**Recorded data**
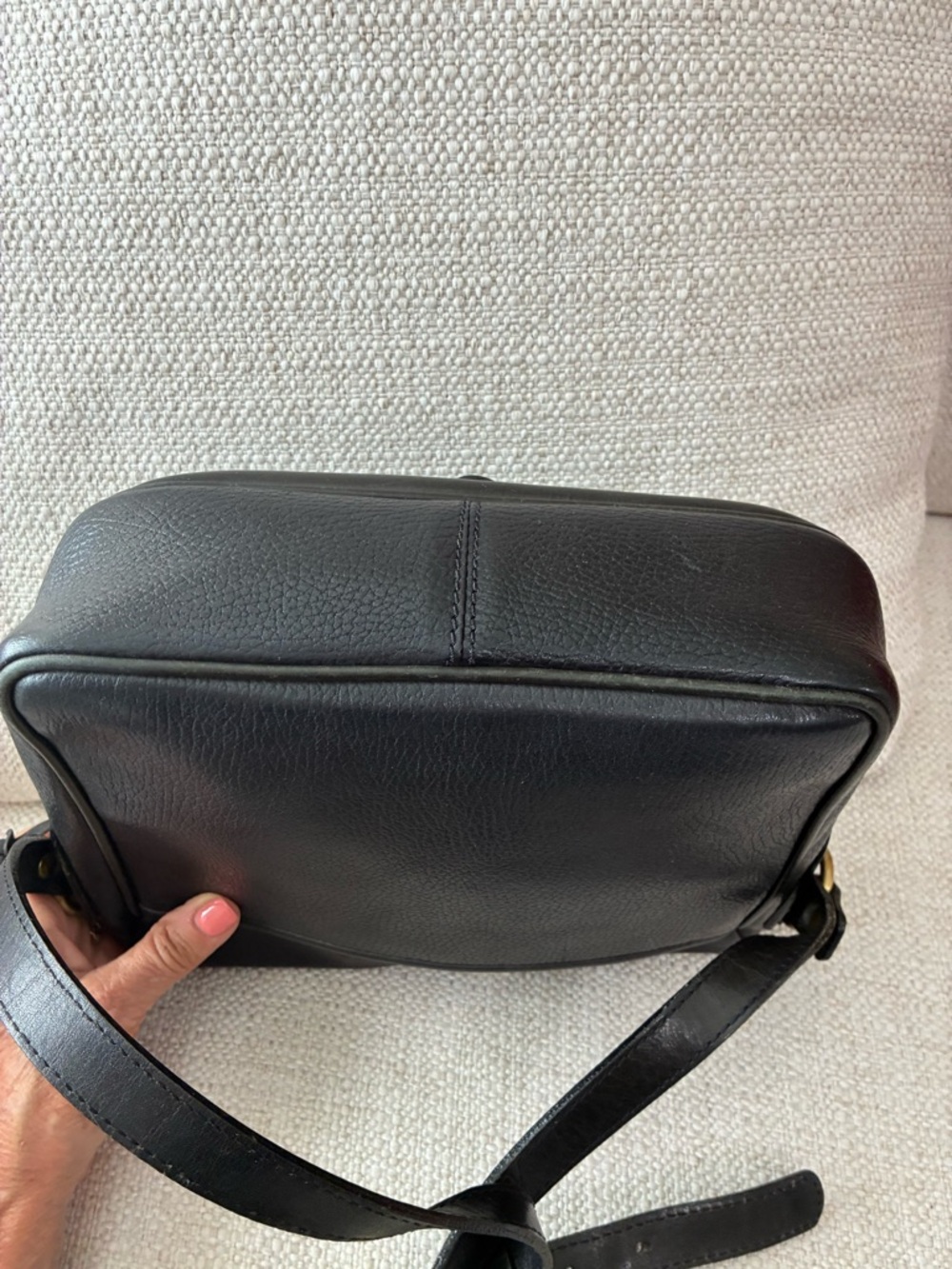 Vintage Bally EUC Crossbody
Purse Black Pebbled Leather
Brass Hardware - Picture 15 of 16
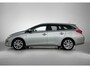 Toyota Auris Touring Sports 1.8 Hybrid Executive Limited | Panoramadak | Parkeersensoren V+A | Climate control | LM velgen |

**Work task**
Both the line containing "Purse Black Pebbled Leather" and the last line of the listing above belong in the copy, along with every line between them; retype them exactly and omit the pictures.

**Reply**
Purse Black Pebbled Leather
Brass Hardware - Picture 15 of 16
 Toyota Auris Touring Sports 1.8 Hybrid Executive Limited | Panoramadak | Parkeersensoren V+A | Climate control | LM velgen |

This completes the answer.